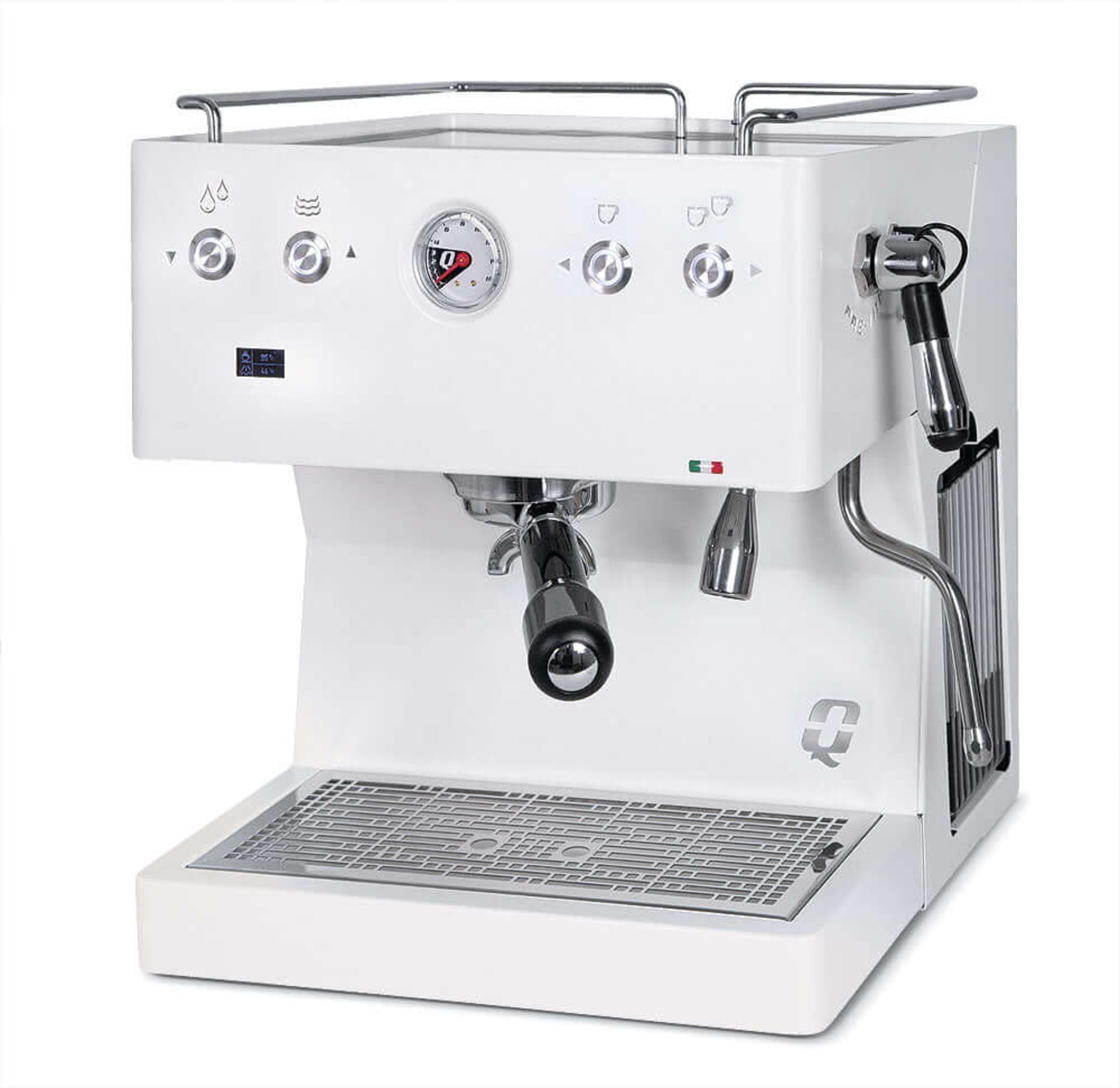 Quick Mill Sunny 1 Group Espresso Coffee Machine Brand New White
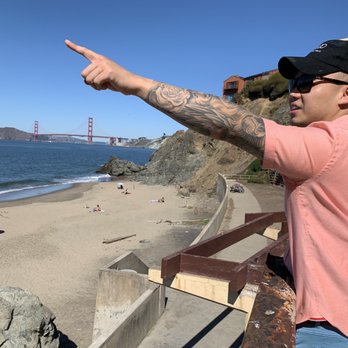 China Beach - Hey! Don't look at the Golden Gate bridge! - Parks Near Me - San Francisco, California China Beach - Hey! Don't look at the Golden Gate bridge! - Parks Near Me - San Francisco, California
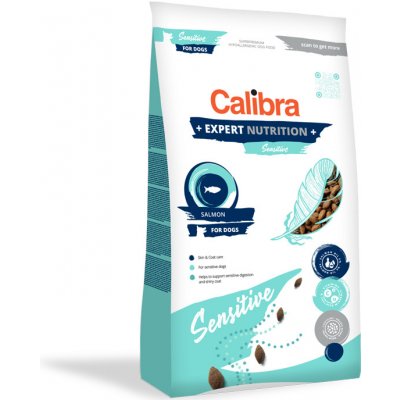 Calibra Dog EN Sensitive Salmon NEW 2 kg – Zbozi.Blesk.cz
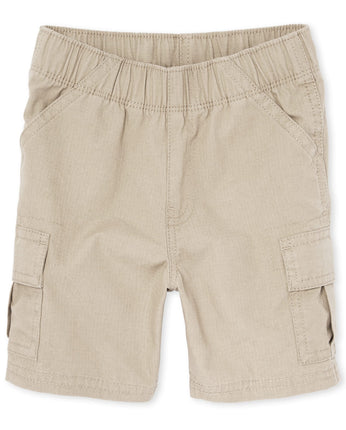 The Children's Place Baby Boys Pull On Cargo Short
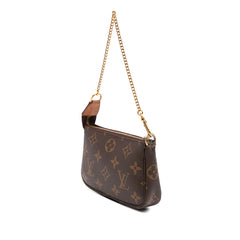 Monogram Mini Pochette Accessoires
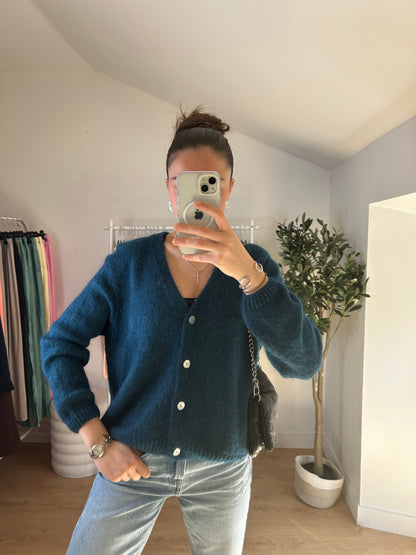 Gilet Lyzéa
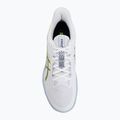 Кросівки чоловічі ASICS Netburner Ballistic FF 4 white/raw indigo 5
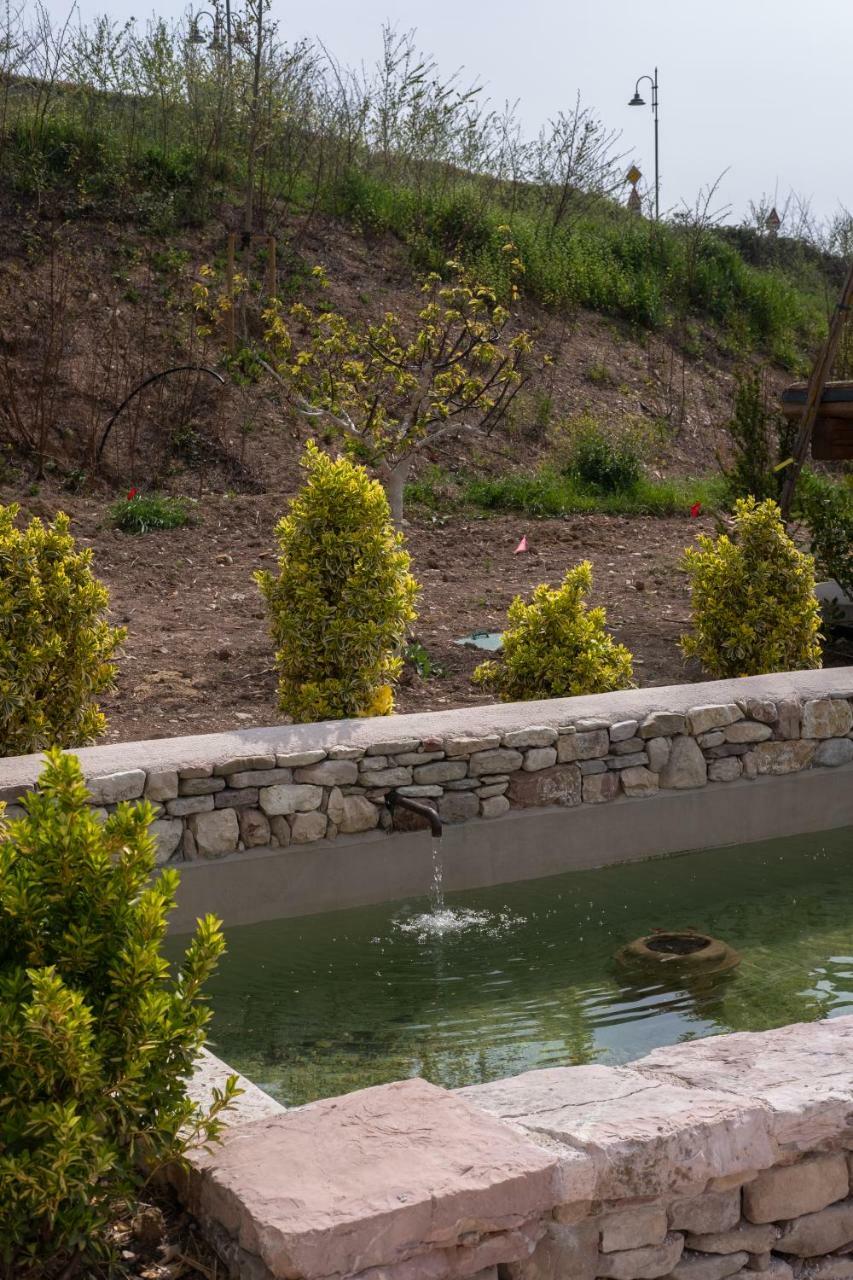 מלון Borgo Antichi Orti אסיסי מראה חיצוני תמונה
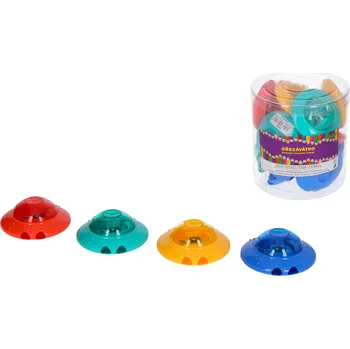 Ořezávátko Ořezávátko na dvě tužky se zásobníkem - kulaté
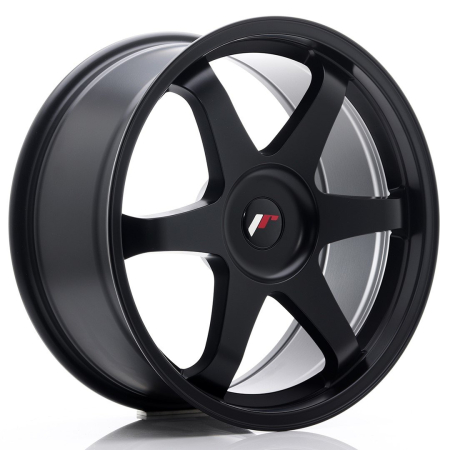 JR Wheels JR3 19x8,5 ET20-42 BLANK Matt Black JR31985XX2074BF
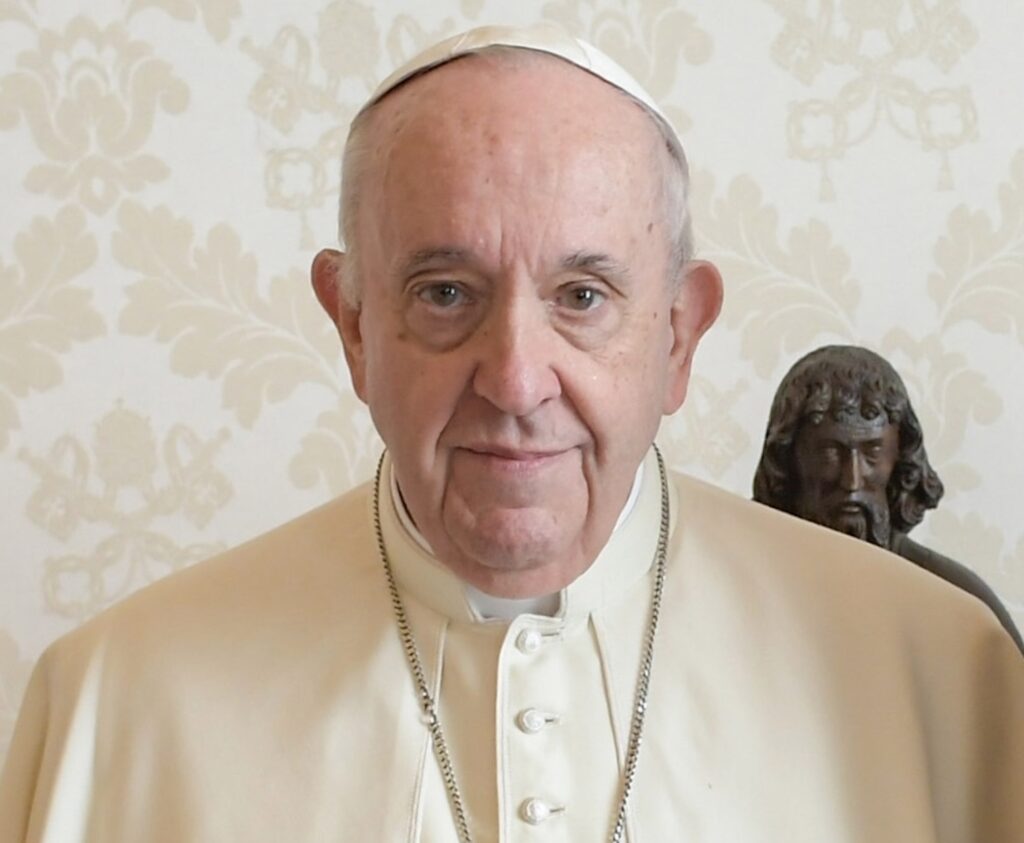 Foto di Papa Francesco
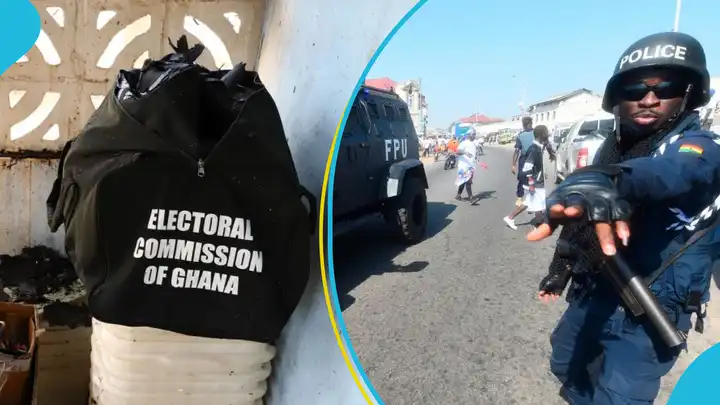 You are currently viewing EC Officer Quizzed Over Election Materials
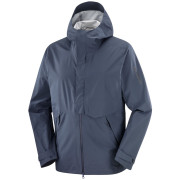 Veste homme Salomon Outerpath Pro 2.5L bleu Blue Nights
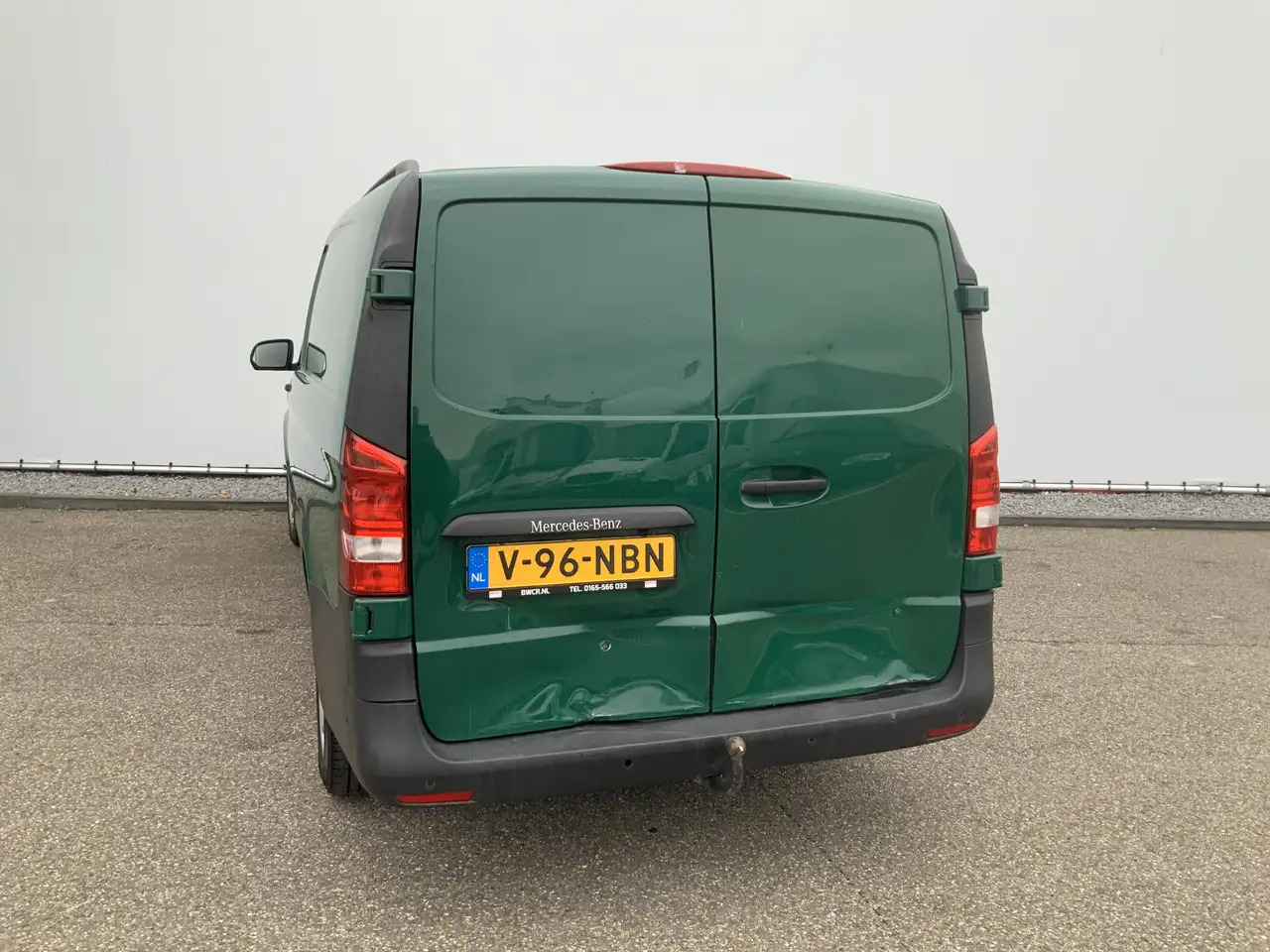 Mercedes-Benz Vito 114 CDI Extra Lang Automaat Airco Cruise Navi Came - Другая техника: фото 2 Mercedes-Benz Vito 114 CDI Extra Lang Automaat Airco Cruise Navi Came - Другая техника: фото 2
************
◆ **EXERCISE GOAL**
Could you reproduce exactly the lines running from the one with "JR Wheels JR3" through the final line of the listing above, both included, and drop the pictures?

◆ **SOLUTION FOR THIS TASK**
 JR Wheels JR3 19x8,5 ET20-42 BLANK Matt Black JR31985XX2074BF
 Foto di Papa Francesco
 You are currently viewing EC Officer Quizzed Over Election Materials
 Veste homme Salomon Outerpath Pro 2.5L bleu Blue Nights
 Mercedes-Benz Vito 114 CDI Extra Lang Automaat Airco Cruise Navi Came - Другая техника: фото 2 Mercedes-Benz Vito 114 CDI Extra Lang Automaat Airco Cruise Navi Came - Другая техника: фото 2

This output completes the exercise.